Information shown –
- - - - - - -

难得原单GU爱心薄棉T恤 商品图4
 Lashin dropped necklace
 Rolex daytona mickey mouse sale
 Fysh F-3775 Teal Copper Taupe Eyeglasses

- - - - - - -

Your assignment – Output the whole of the material above, exactly.

Your response –
难得原单GU爱心薄棉T恤 商品图4
 Lashin dropped necklace
 Rolex daytona mickey mouse sale
 Fysh F-3775 Teal Copper Taupe Eyeglasses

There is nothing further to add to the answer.